Before Mrs. Pleasanton can voice her approval the curtain is up and their interest is shifted to the stage. Everything is metamorphosed into what seems to be the temple of a strange god, and the effect upon this captivated couple is such that they forget entirely their critical faculties. How astute has been the management that has so regulated everything as to render the minds of his patrons sensitive to the slightest impression. Like children listening to an Arabian Nights' tale, they are fascinated by everything they see or hear, so wonderful has been the psychic effect of their surroundings.
The act is too quickly over and the curtain falls. A large silvered ball, not unlike the huge mirror balls so popular in European gardens, slowly protrudes into view from the depths of the orchestra well. With suppressed "Ahs" the audience appreciate at once that this bright object gives mirrored reflection of the entire auditorium and all that it contains. Mr. Pleasanton also realizes that this same ball, before being raised, must have served the musical conductor in following the action upon the stage.
With the turning up of the lights both Mr. and Mrs. Pleasanton discover that the auditorium is illuminated by some unseen source of light. There are no fixtures anywhere in view but merely an increased intensity of a bright light band that encircles the room at the cove juncture of the side walls and ceiling. Mr. Pleasanton, a student of technical magazines, explains to his wife that the absence of the usual "spotty" effect is produced by continuous tube lighting.
The mirrored observation ball is lowered and the curtain again rises. Mr. and Mrs. Pleasanton are at once plunged into an atmosphere of witchery. To them everything in the play pertains to magic. The elderly actors appear youthful, the callous sentimental, the stupid witty, the plain beautiful, and the commonplace romantic. It is a world of illusion in which the events presented are gauged by the mental barometer of the auditor. The low cost of admission, the chastity of decoration, the spacious foyer with its ample provision for coat hanging, the comfortable seating, the concealed music, and the subtle lighting have all done their work well. There is another intermission, the curtain lowers and raises again, the performance is soon over, and the highly pleased couple rise from their seats to take their departure.
Facing about, they view the full interior of this magnificent playhouse. Transversely across the lower floor are aisled rows of low comfortable arm chairs from which gayly dressed people are arising. The audience hall is separated from a spacious foyer by groups of inclosed boxes curtained in royal purple. Two similarly draped circular guests' boxes protrude from the side walls above the side foyer doorways, and back of them sweeps a deep broad balcony with open loggias in front and inclosed boxes at the rear. The walls are plain panels of imitation Caen stone, surmounted by a simple ceiling of the same material with a large canopied dome in the center for ventilation. The junction lines of the walls and ceiling are adorned by a brilliantly illuminated cove that furnishes reflected light to the whole interior. The floors are carpeted in a solid gray and the dead whiteness of the walls and ceiling is relieved by the warm tones of purple hangings.
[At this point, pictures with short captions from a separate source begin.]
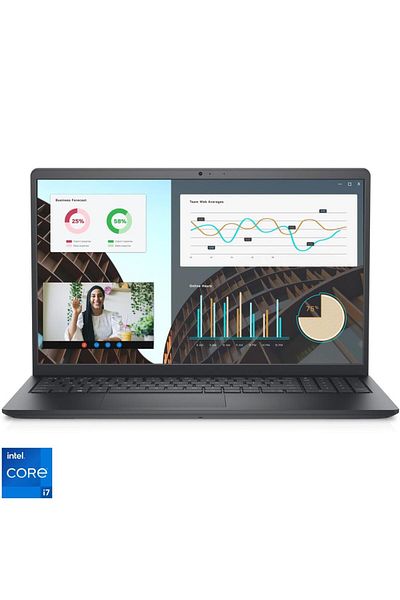 Dell Laptop Dell Vostro 3530, Intel Core i7-1355U 5.0 GHz, 15.6" FHD, 16GB, 512GB SSD, Intel Iris Xe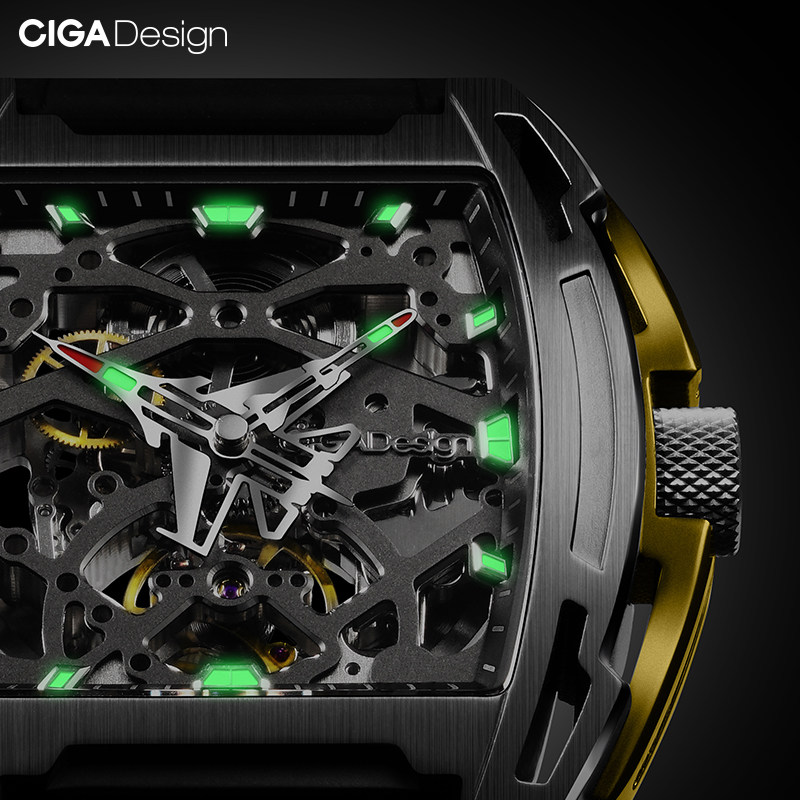 ciga design玺佳航母主题机械表 CIGA Design玺佳国产腕表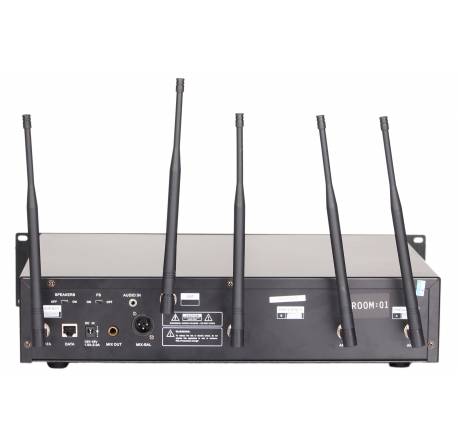 Location système de conférence HF RONDSON WCS avec un pupitre président et 15 pupitres délégués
Passing through the foyer on their way out the couple wait but a moment to recover their outer garments. Plenty of courteous attendants are there to serve them. This short pause gives them an opportunity to view with admiration the delightful comforts of this broad promenade, with its marble stairways on both sides rising to the balconied mezzanine floor above, underneath which are the coat-hanging and hat-checking conveniences. Against the side walls, between the numerous emergency exits, are long comfortable divans for use during intervals or for patrons waiting for admission until the termination of an act.
The couple depart deciding to attend this wonderful house again at every weekly change of program.